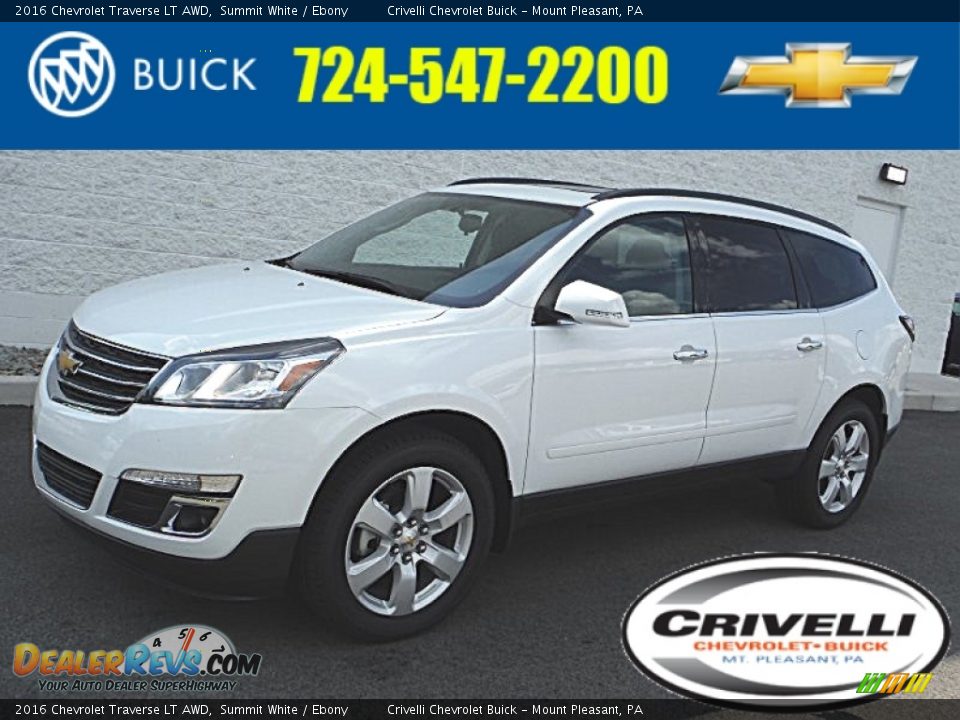 2016 Chevrolet Traverse LT AWD Summit White / Ebony Photo #1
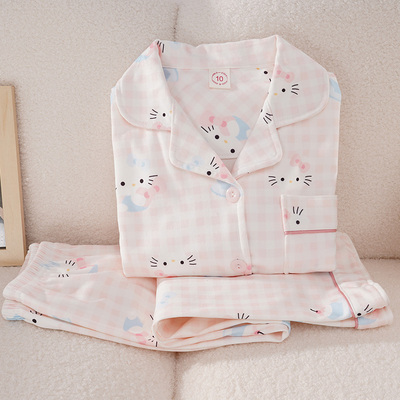 德绒女童睡衣2025秋冬HelloKitty女孩可爱儿童长袖加厚保暖家居服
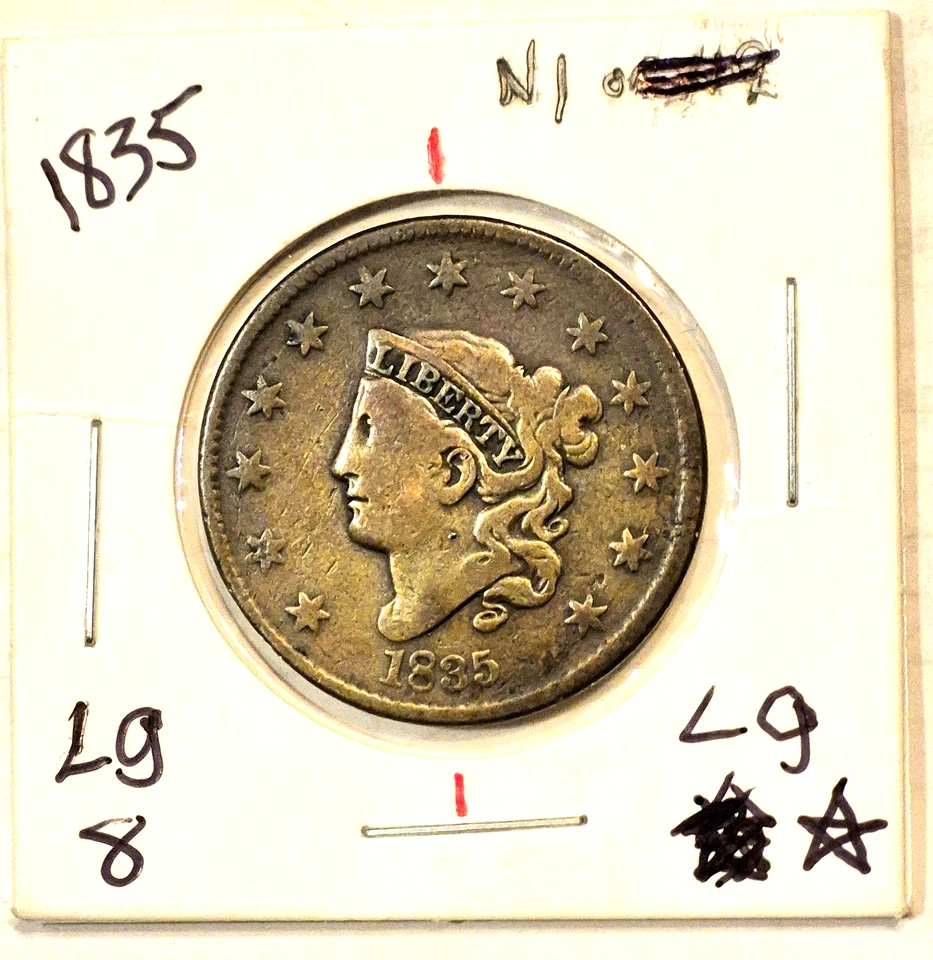 1835 Coronet Head Large Cent N1 R1 Lg 8/Stars 15°CW Rotated Die Error VF Traits - Image 3 of 4
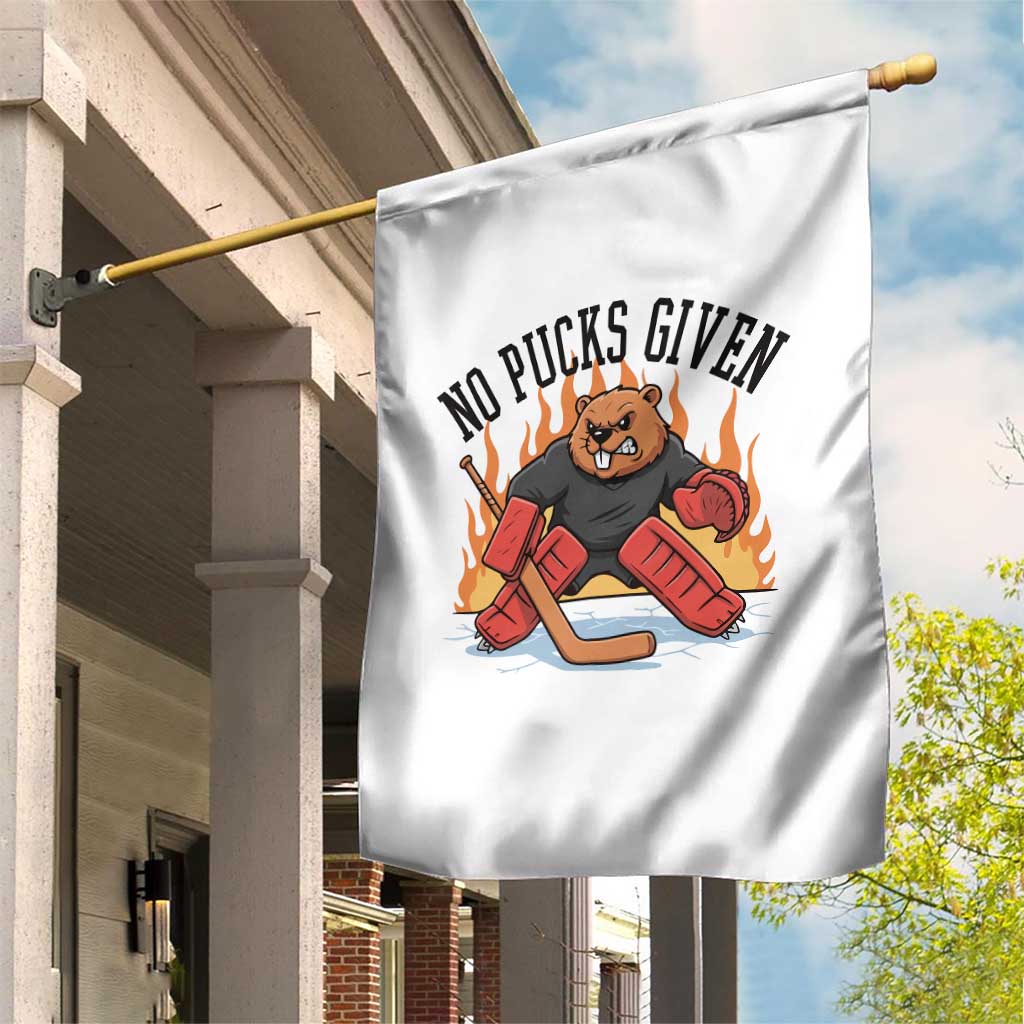 Funny Beaver Ice Hockey Goalie Gift Garden Flag No Pucks Given TS12 Print Your Wear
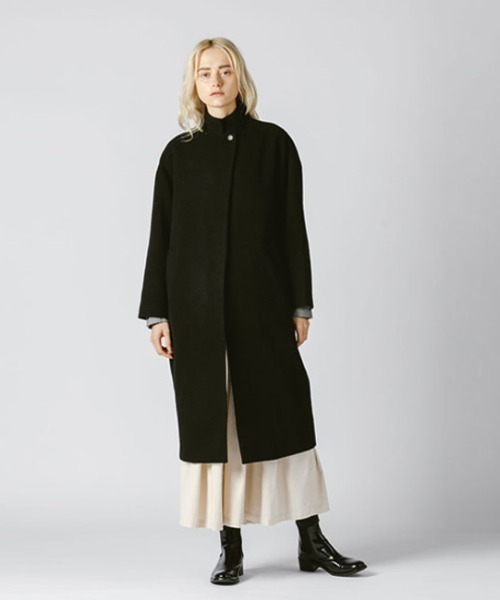 mizuiroind（ミズイロインド）の「mizuiro ind スタンドカラーロングコート（その他アウター・レディース・ダークブラウン/ベージュ/ブラック/ネイビー/チャコールグレー・FREE）」の8枚目の写真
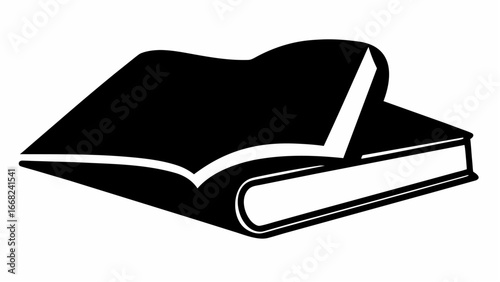 Illustration of two stacked books with the top book open showing its pages in black and white style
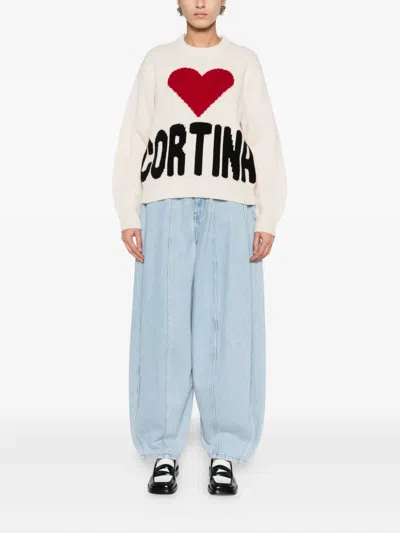 Mc2 Saint Barth Kyla Heart Intarsia Sweater In Neutral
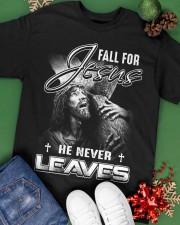 FALL FOR JESUS HE NEVER LEAVES Classic T-Shirt apparel-classic-tshirt-lifestyle-back-69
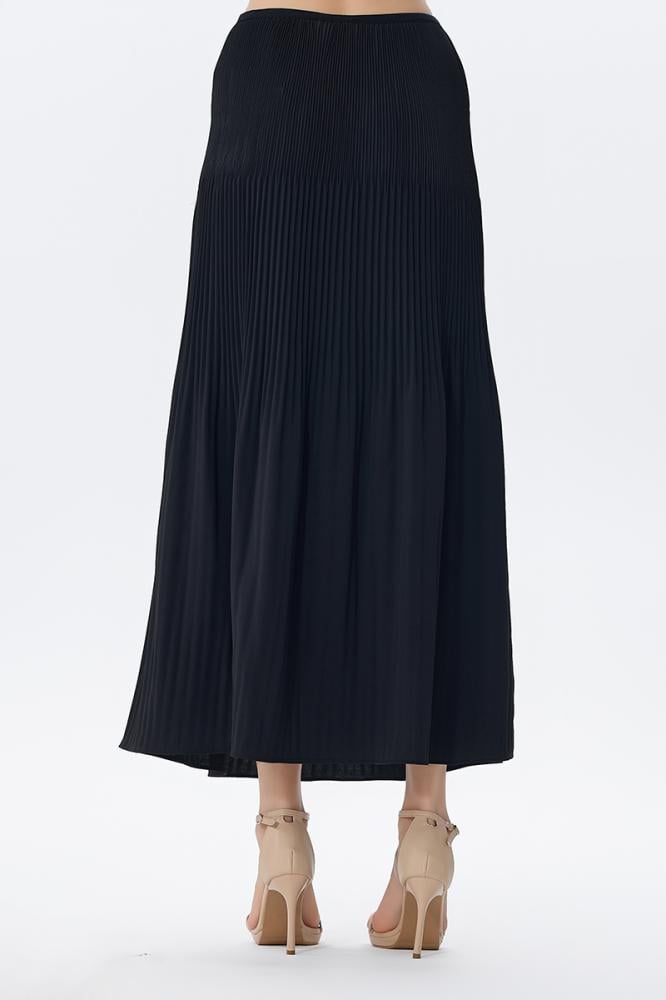 Long black pleated skirt in a classic style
....................
§ ABOUT THIS EXERCISE
Return all of the entries word for word, but omit the pictures.

§ RESPONSE FOR THIS EXERCISE
 2016 Chevrolet Traverse LT AWD Summit White / Ebony Photo #1
 德绒女童睡衣2025秋冬HelloKitty女孩可爱儿童长袖加厚保暖家居服
 1835 Coronet Head Large Cent N1 R1 Lg 8/Stars 15°CW Rotated Die Error VF Traits - Image 3 of 4
 Funny Beaver Ice Hockey Goalie Gift Garden Flag No Pucks Given TS12 Print Your Wear
 mizuiroind（ミズイロインド）の「mizuiro ind スタンドカラーロングコート（その他アウター・レディース・ダークブラウン/ベージュ/ブラック/ネイビー/チャコールグレー・FREE）」の8枚目の写真
 Illustration of two stacked books with the top book open showing its pages in black and white style
 Mc2 Saint Barth Kyla Heart Intarsia Sweater In Neutral
 FALL FOR JESUS HE NEVER LEAVES Classic T-Shirt apparel-classic-tshirt-lifestyle-back-69
 Long black pleated skirt in a classic style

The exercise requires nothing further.